Information supplied:

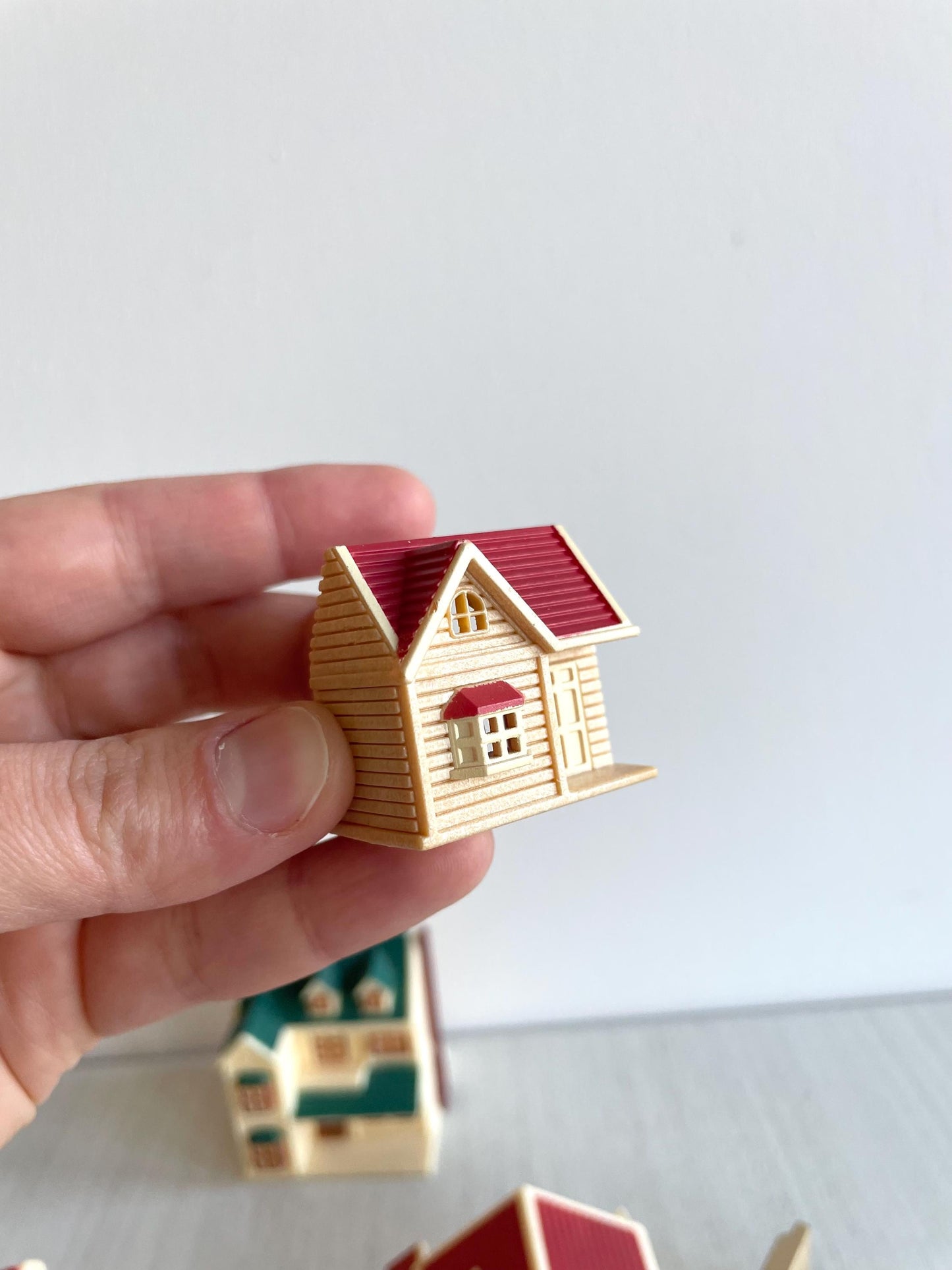 Miniature dollhouse replacement parts from vintage Sylvanian Toy Shop, Calico Critters tiny dollhouses with toy boxes and magazines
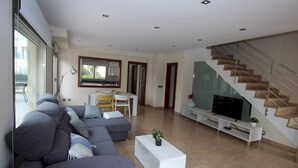 Ein modernes Wohnzimmer mit grauem Sofa, einem weißen Couchtisch und einem Fernsehgerät auf einem weißen Schrank.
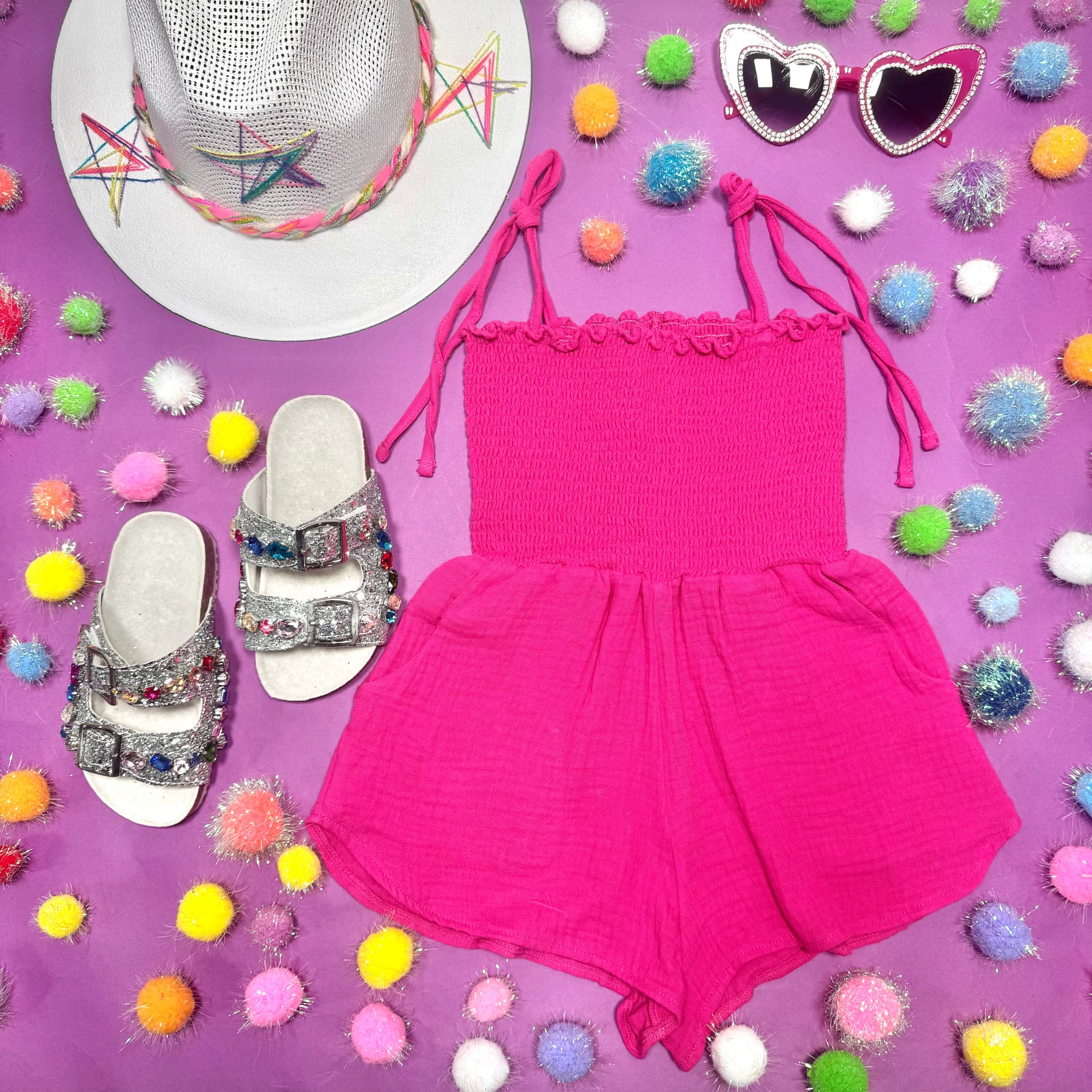 PINK PASSION IRIS T0REY SMOCKED ROMPER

Task: Set the listing down verbatim, excluding pictures.

Answer:
 Miniature dollhouse replacement parts from vintage Sylvanian Toy Shop, Calico Critters tiny dollhouses with toy boxes and magazines
 Ein modernes Wohnzimmer mit grauem Sofa, einem weißen Couchtisch und einem Fernsehgerät auf einem weißen Schrank.
 PINK PASSION IRIS T0REY SMOCKED ROMPER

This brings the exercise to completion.